AbstractClub - 英文技術専門誌の論文・記事の和文要約

Science March 30 2018, Vol.359

重合体から得られる能動的偽装 (Active camouflage from a polymer)

ヒトの皮膚は柔らかくて弱いが、怪我を防止するよう組織変形する時には急速に硬くなることがある。 カメレオンの皮膚は、この動物が弛緩状態から緊張状態になった場合、色を変化させることができる。 これらの特性は個々には合成材料で獲得できるが、いろいろな動的応答を組み合わせて制御するのは難しいことがある。 Vatankhah-Varnosfaderani たちは、Aブロックが線状構造を持ち、Bブロックが瓶洗浄ブラシのようなものからなる、ABA型の三元ブロック共重合体を作り出した。 引っ張ると、これらの重合体はヒトの皮膚のように硬くなり色が変化した。 このようにして、この材料に一連の適応特性を与えた。(Sk,nk,kj,kh)

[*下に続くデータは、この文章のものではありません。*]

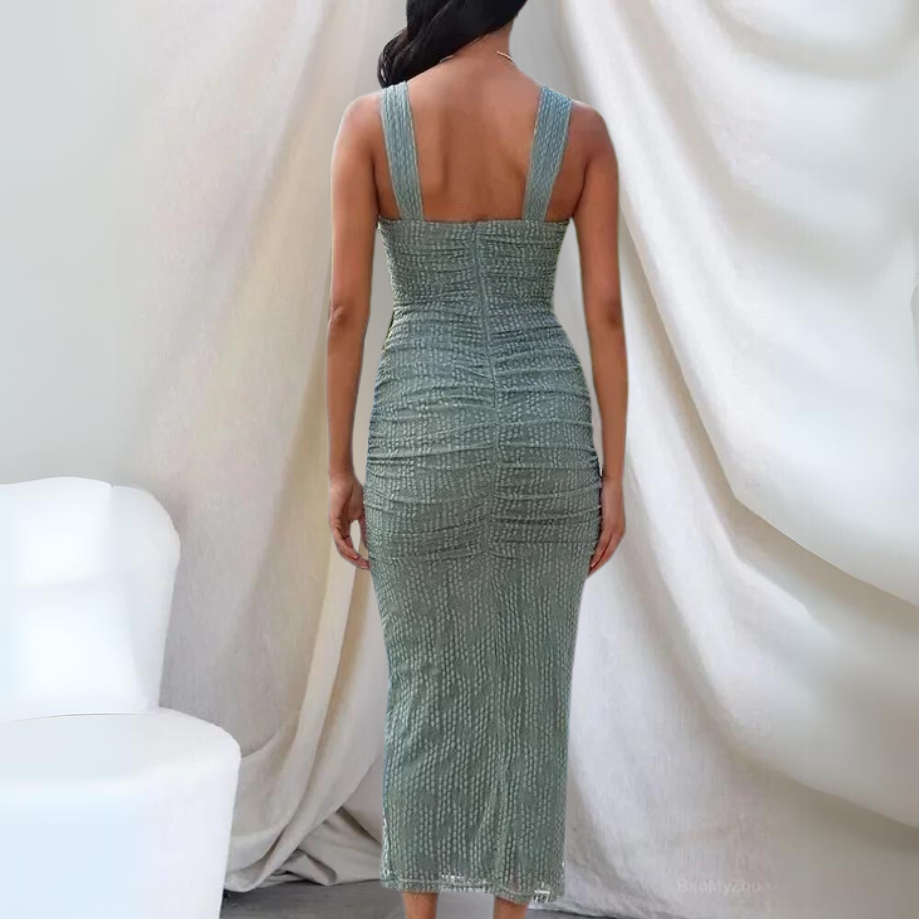 Beyond Chic | Pamela Tight-fitting Long Summer Dress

Science, this issue p. 1509

不斉な酸でオレフィンを攻撃する (Attacking olefins with chiral acids)

少量の酸がさまざまな化学反応を加速することがある。 不斉リン酸誘導体の出現は、2つの鏡像体のうちの1つにだけ生成する方向に化学反応を偏らせるのに有用だった。 しかしながら大抵の場合、この不斉触媒は、カルボニル基のような塩基部位と相互作用するものに限られていた。 Tsuji たちは今回、非対称酸触媒を単純な炭素-炭素二重結合に適応できるよう拡張した。 彼ら特製のイミド二リン酸は、オレフィンへのプロトン付加後の片側面だけの分子内アルコキシ化を成し遂げることを主目的として、オレフィンを配向させるポケットを形成する。(MY,kj,kh)

【訳注】
  • オレフィン:炭素-炭素二重結合を有する鎖状炭化水素化合物。
  • アルコキシ基:アルキル基が酸素原子に結合した構造(RO-)を言う。
Science, this issue p. 1501

睡眠中の再平衡化機構 (Rebalancing mechanisms during sleep)

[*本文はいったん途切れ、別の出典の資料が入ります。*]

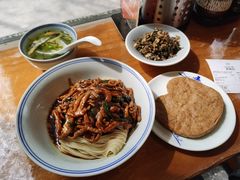 肉丝葱油拌面-君东记本帮面馆(天钥桥路店)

シナプスは、多くの場合、覚醒中に増強される。 そのため、睡眠中に、恒常性を保つため再調整される必要がある。 徐波睡眠中は、シナプスの抑制が支配的である。 鋭波および漣波の事象は、脳の中で徐波睡眠中に自発的に生じる、一過性の高周波電場振動である。 Norimoto たちは、これらの事象が海馬シナプスの長期抑圧を誘発し、そうして最近獲得した記憶を純化しているかもしれないことを見出した(Draguhn による展望記事参照)。(Sk,MY,kh)

Science, this issue p. 1524; see also p. 1461

NK細胞がたどりつくのを助ける (Helping NK cells find their way)

タンパク質のMICAとMICBは腫瘍細胞上に発現することがあり、免疫系に対する「自分を殺して」信号として作用する。 しかし、腫瘍はしばしばこれらのタンパク質を切り離して変装し、その目的に分化したナチュラルキラー(NK)細胞によるガンの認識と破壊を妨害している。 Ferrari de Andradeたちは、MICAとMICBを分解放出する原因部位に対して向けられた抗体を遺伝子操作で作った(CerwenkaとLanierによる展望記事参照)。 この方法は、MICAとMICBを効果的に腫瘍細胞上に錠止めし、そのため、NK細胞は除去のため腫瘍を見つけることができた。 この抗体は、ヒト化マウス・モデルにおけるヒト黒色腫を含む複数の腫瘍マウス・モデルで前臨床での有効性を示した。 さらにこの方法は、NK細胞仲介の腫瘍溶解の後の肺ガン転移を減少させた。(MY,nk,kj,kh)

【訳注】
  • MICA、MICB:正常細胞にはほとんど発現せず、がん細胞やウイルス感染などで損傷した細胞の表面に発現する膜貫通タンパク質で、NK細胞や多くのT細胞表面に発現するNKG2Dと呼ばれる受容体のリガンドとなる。
Science, this issue p. 1537; see also p. 1460

遺伝的勾配と気候変動 (Genetic clines and climate change)

海洋生物種は海洋学的条件に関連して、顕著な遺伝的多様性を示しているが、種集団全体が一致して応答する程度は良く分かっていない。 Stanley たちは、米国ノースカロライナ州からカナダのラブラドール地方に至るまで、生態が大きく異なる領域固有のタラ、ウミザリガニおよびエビ、そして導入種のカニについての遺伝的勾配を記録している。 5種のすべてが、ノバスコシア州東部を境にして、北部と南部の個体群間に明確な生物地理学的分断を有し、著しく近似した遺伝的勾配を示している。 この遺伝的分断は海洋学的条件、中でも季節的な最低気温が最重要であるが、の急激な勾配とよく合致している。(Uc,MY,nk,kh)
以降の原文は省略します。